▸ What you should do
Leave the pictures out, and print everything else in the records exactly.

▸ Data
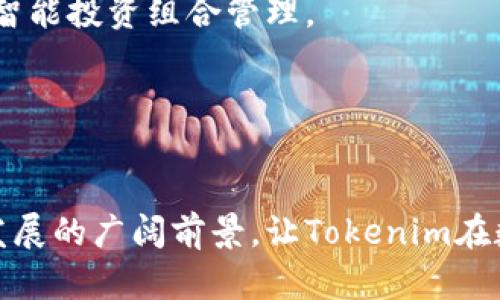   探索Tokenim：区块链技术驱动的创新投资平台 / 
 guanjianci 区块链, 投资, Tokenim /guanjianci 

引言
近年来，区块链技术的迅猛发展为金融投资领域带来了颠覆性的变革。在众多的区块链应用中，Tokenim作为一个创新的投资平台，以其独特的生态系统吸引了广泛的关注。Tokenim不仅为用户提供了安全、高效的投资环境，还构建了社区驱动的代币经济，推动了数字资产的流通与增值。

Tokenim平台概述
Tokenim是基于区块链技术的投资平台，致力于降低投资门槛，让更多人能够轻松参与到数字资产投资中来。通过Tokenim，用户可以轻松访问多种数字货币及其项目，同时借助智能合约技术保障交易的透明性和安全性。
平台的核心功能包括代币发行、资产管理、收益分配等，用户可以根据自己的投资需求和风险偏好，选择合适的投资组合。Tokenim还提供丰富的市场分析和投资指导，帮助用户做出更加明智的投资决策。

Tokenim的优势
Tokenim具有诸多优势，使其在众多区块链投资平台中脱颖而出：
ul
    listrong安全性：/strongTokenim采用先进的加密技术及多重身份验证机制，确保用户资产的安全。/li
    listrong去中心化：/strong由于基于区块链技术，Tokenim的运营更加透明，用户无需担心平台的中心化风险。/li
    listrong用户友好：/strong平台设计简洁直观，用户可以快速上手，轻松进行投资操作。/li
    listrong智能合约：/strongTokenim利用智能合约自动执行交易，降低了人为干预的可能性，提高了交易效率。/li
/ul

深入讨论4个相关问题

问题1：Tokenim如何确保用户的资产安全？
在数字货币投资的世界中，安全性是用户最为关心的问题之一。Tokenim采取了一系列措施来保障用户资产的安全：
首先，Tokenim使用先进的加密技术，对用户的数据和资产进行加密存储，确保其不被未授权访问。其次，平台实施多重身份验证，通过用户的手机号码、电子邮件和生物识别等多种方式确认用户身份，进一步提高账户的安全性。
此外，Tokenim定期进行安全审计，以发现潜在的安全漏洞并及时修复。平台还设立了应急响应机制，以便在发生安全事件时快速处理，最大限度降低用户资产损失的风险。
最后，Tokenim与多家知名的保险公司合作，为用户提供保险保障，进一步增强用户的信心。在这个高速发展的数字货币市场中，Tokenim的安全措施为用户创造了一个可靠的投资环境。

▸ Result of this task
   探索Tokenim：区块链技术驱动的创新投资平台 / 
 guanjianci 区块链, 投资, Tokenim /guanjianci 

引言
近年来，区块链技术的迅猛发展为金融投资领域带来了颠覆性的变革。在众多的区块链应用中，Tokenim作为一个创新的投资平台，以其独特的生态系统吸引了广泛的关注。Tokenim不仅为用户提供了安全、高效的投资环境，还构建了社区驱动的代币经济，推动了数字资产的流通与增值。

Tokenim平台概述
Tokenim是基于区块链技术的投资平台，致力于降低投资门槛，让更多人能够轻松参与到数字资产投资中来。通过Tokenim，用户可以轻松访问多种数字货币及其项目，同时借助智能合约技术保障交易的透明性和安全性。
平台的核心功能包括代币发行、资产管理、收益分配等，用户可以根据自己的投资需求和风险偏好，选择合适的投资组合。Tokenim还提供丰富的市场分析和投资指导，帮助用户做出更加明智的投资决策。

Tokenim的优势
Tokenim具有诸多优势，使其在众多区块链投资平台中脱颖而出：
ul
    listrong安全性：/strongTokenim采用先进的加密技术及多重身份验证机制，确保用户资产的安全。/li
    listrong去中心化：/strong由于基于区块链技术，Tokenim的运营更加透明，用户无需担心平台的中心化风险。/li
    listrong用户友好：/strong平台设计简洁直观，用户可以快速上手，轻松进行投资操作。/li
    listrong智能合约：/strongTokenim利用智能合约自动执行交易，降低了人为干预的可能性，提高了交易效率。/li
/ul

深入讨论4个相关问题

问题1：Tokenim如何确保用户的资产安全？
在数字货币投资的世界中，安全性是用户最为关心的问题之一。Tokenim采取了一系列措施来保障用户资产的安全：
首先，Tokenim使用先进的加密技术，对用户的数据和资产进行加密存储，确保其不被未授权访问。其次，平台实施多重身份验证，通过用户的手机号码、电子邮件和生物识别等多种方式确认用户身份，进一步提高账户的安全性。
此外，Tokenim定期进行安全审计，以发现潜在的安全漏洞并及时修复。平台还设立了应急响应机制，以便在发生安全事件时快速处理，最大限度降低用户资产损失的风险。
最后，Tokenim与多家知名的保险公司合作，为用户提供保险保障，进一步增强用户的信心。在这个高速发展的数字货币市场中，Tokenim的安全措施为用户创造了一个可靠的投资环境。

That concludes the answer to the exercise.